As we were going into Savasana, the teacher said for us to let go of anything we were telling ourselves about our practice, about our abilities, about ourselves. Just let it go.

I let go of my story that I wasnt strong because I cant hold downward dog for very long anymore. I let go of the story that my body was deformed. Crooked. I let go of the fact that twists feel very uncomfortable for me right now when I used to love them so.

I just wish I could bring that ability to let that story go to my dad.  I wish I could help him find ways to move that dont hurt. I wish I could help him see that life is worth living. I wish I knew how to give support without being pushy. Cause I really want to go there and talk to his doctors and direct his care, and find him a good PT person, and maybe a home health aide so mom doesnt have to work so much -I tried that a couple years ago and it caused a huge uproar. To say my parents are a bit stubborn is a great understatement. :-)

Feeling quite out of the loop from 700+ miles away.

I know this is part of being a 40 something with aging parents.

How to convince someone who has known mostly pain for most of his life, that he must keep moving, that he will feel better if he keeps moving, when his experience has been the opposite-moving hurts...that is a difficult task.








Thursday, June 6, 2013

Yoga-It's not about the poses

My current rant...and I apologize if this offends anyone. It's just where I am right now...fueled by a bit of disillusionment and grief.

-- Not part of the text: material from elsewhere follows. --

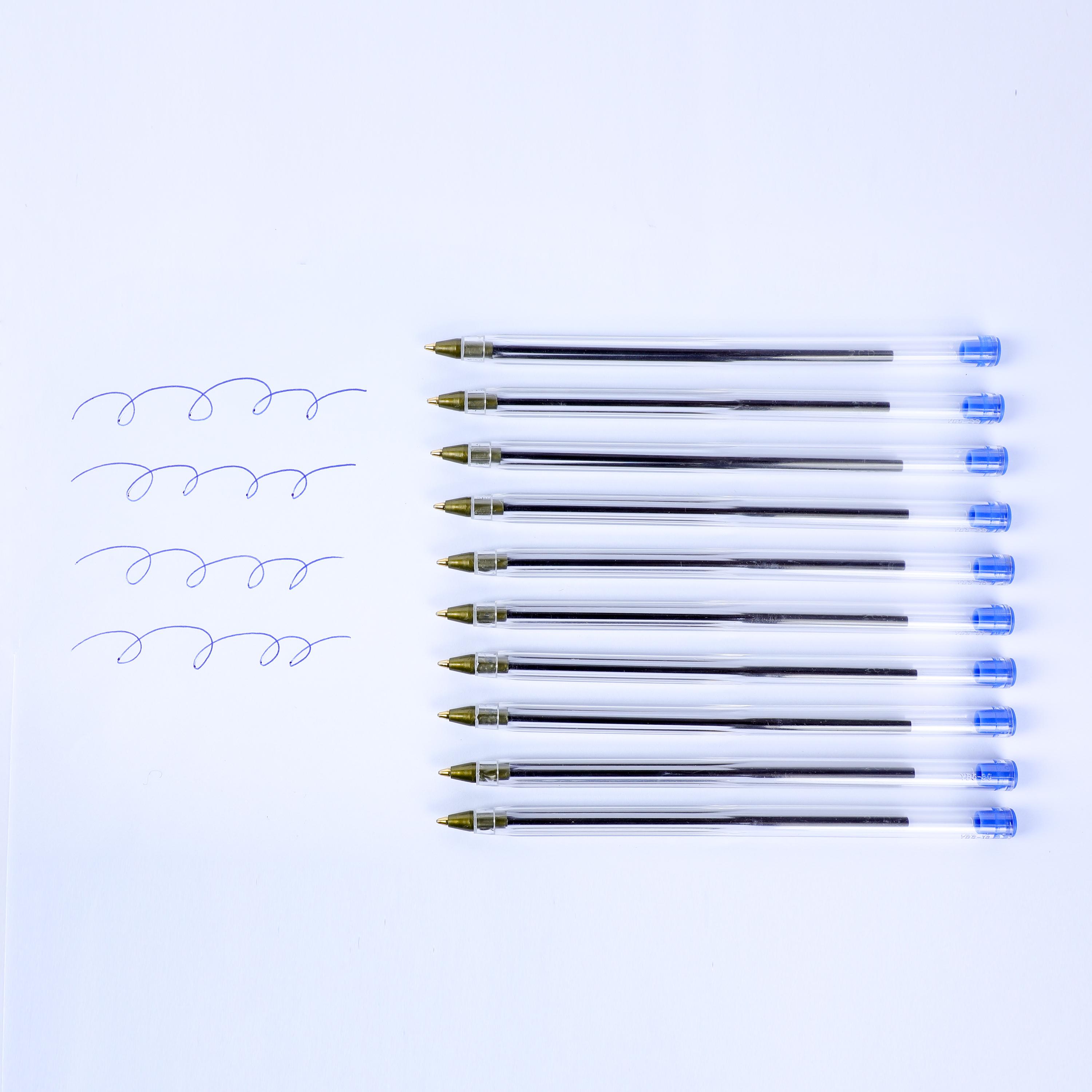 Voir la diapositive 3 : AUCHAN Stylos Bille x10 Pointe Moyenne Corps recyclé - Bleu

And, change.

Recently I have been becoming more and more dissatisfied with the yoga classes Ive taken or observed parts of.  They seem to be more about the poses, moving our body, usually in a quick flow, with very little thought given to breath or alignment or feeling. And sometimes safety. Very little centering, mostly just move here, move here, move this, move that, faster now, ok, cool down, Savasana.

Bleh.

And sadly, these seem to be the most popular classes.

I worry Im becoming a yoga snob. And maybe I am a bit biased.

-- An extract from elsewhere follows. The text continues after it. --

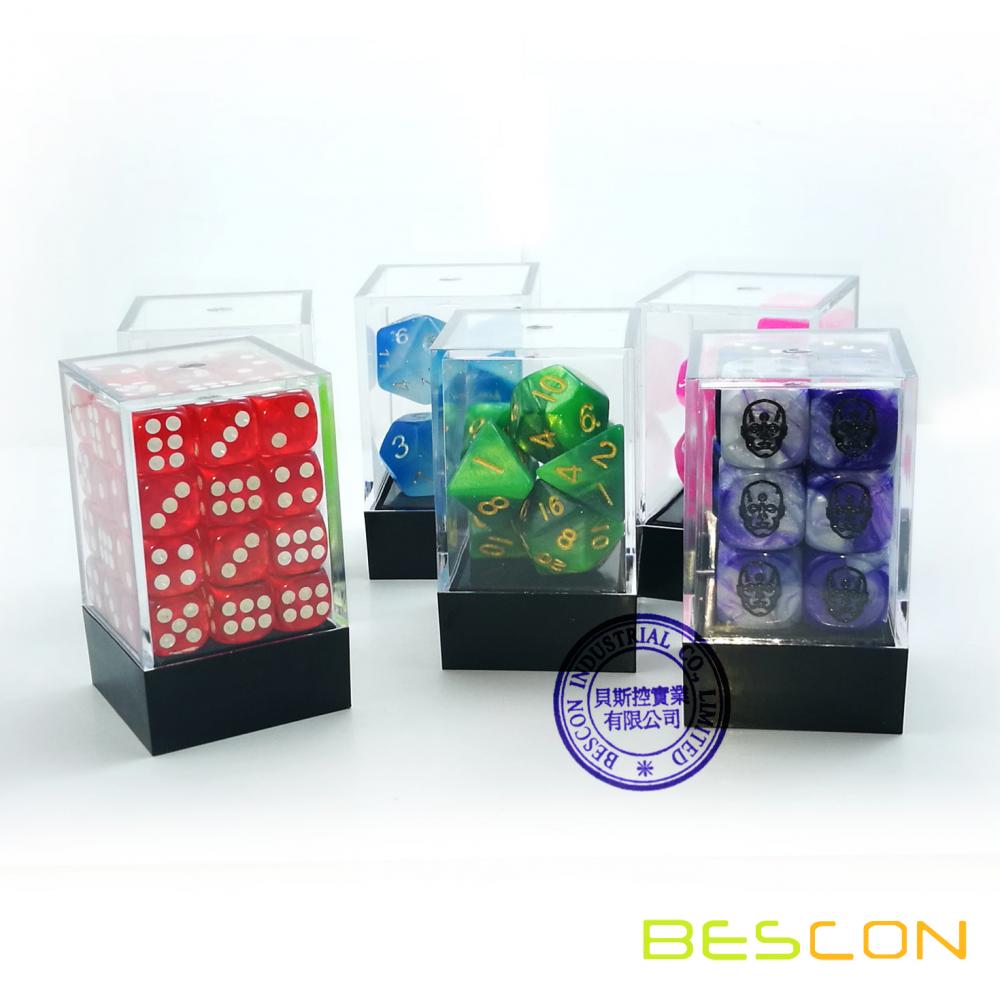 Clear Plastic Brick Dice Case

But, mostly, I think Im just realizing that for me, yoga is not just about moving my body from one pose to another. It is about going inside, into my body, feeling and breathing into my tight hamstrings (left tighter than right usually) and letting them be tight. Its about sitting and breathing on my mat, and feeling my breath go from being shallow and erratic to smooth and deep in the course of 1 hour.It is about loving my slightly crooked pelvis and learning to adjust some poses to accommodate it. Its about learning to love my sometimes wobbly Warrior as much as I love the strong steady powerful one. Its about hearing an explanation of a pose of I've been doing for 6 years now and finally truly *getting* it. It is about spending several breaths in a pose because it feels sooo good. Its about staying in Legs Up the Wall long enough for my body to fully relax and my thoughts to slow down, even just for a few seconds. Its about feeling my heart burst open and tears of gratitude flow in Supported Fish.

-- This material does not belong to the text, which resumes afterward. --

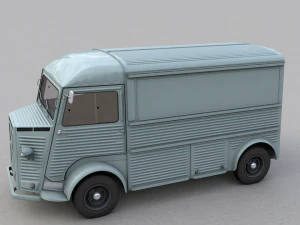 citroen h type fourgon 1964 3D Model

It is not about how fast I can do Sun Salutations. It is not about how much I sweat. It is not about being sore the next day from that "kick ass yoga class" I took.

There have been exceptions...wonderful exceptions...mainly from 2 fellow Pranakriya teachers. One a recent graduate of the Atlanta 200 hr training and the other my teacher who recently returned to leading a weekly class. Both of these classes had something the others didnt. Body awareness. Anatomical details and languaging that created a deeper and different experience. Centering, spending a few minutes at the beginning of class to allow students to *arrive* inside, instead of getting right to the movement. Inviting students to listen to their bodies, to modify or ask for help with modifications if a pose didnt work for them.Or to do what feels right, even if its a different pose than what the class is doing. Breathing with movement...breathing into the movement. Breathing into the stillness.

I crave this deeper Yoga, the Yoga I love, the Yoga that has taught me to Love myself, even the dark side of myself.

The Yoga that has taught me everything is okay, even it feels like it isnt.